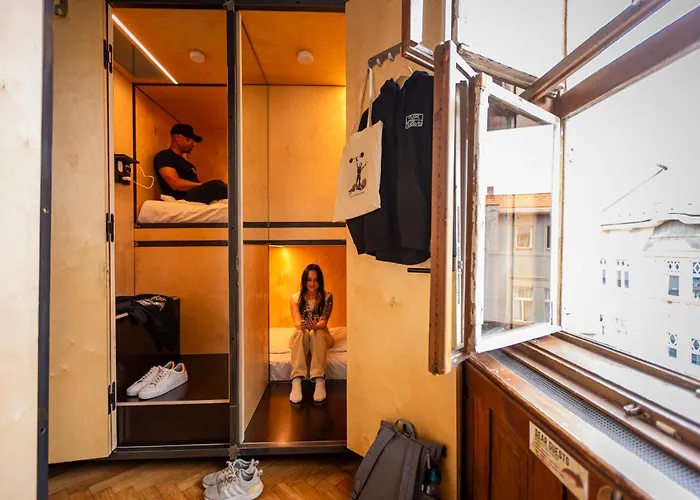 Sir Toby'S Hostel Praag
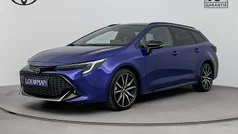 Blauw Gebruikt 2023 Toyota Corolla Hybrid Sport Stationwagen | € 29.950 (Eerlijke prijs)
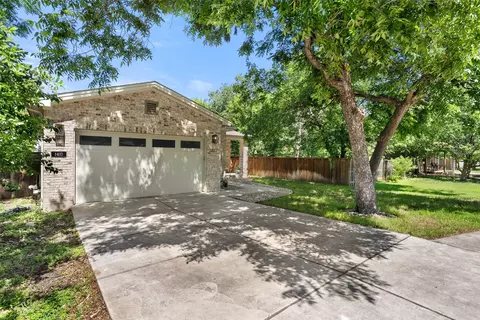 Exterior - 1410 Hart St, Georgetown, TX 78626 photo 3 of 13
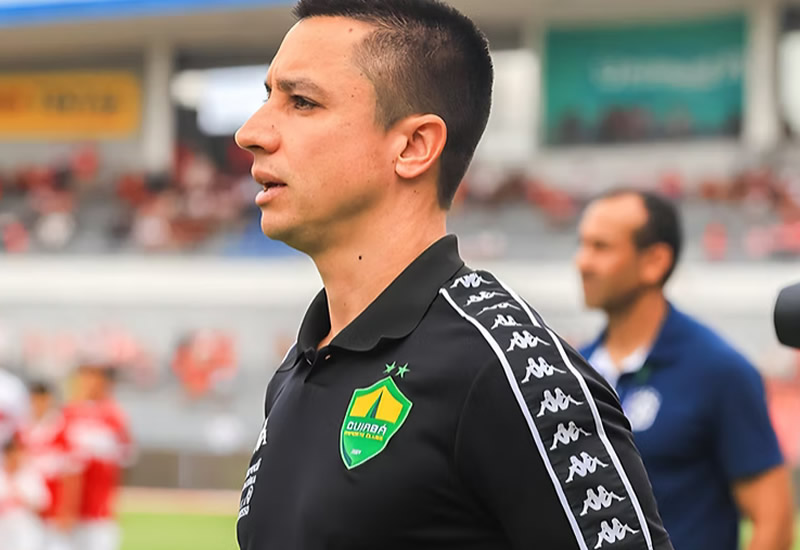 Cuiabá teve 11 jogadores com gastroenterite antes do duelo contra o CRB, diz Eduardo Barros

* * * * *

▶ **Required action**
No pictures, please. Output the listing above exactly as it stands.

▶ **Finished exercise**
 Sir Toby'S Hostel Praag
 Blauw Gebruikt 2023 Toyota Corolla Hybrid Sport Stationwagen | € 29.950 (Eerlijke prijs)
 Exterior - 1410 Hart St, Georgetown, TX 78626 photo 3 of 13
 Cuiabá teve 11 jogadores com gastroenterite antes do duelo contra o CRB, diz Eduardo Barros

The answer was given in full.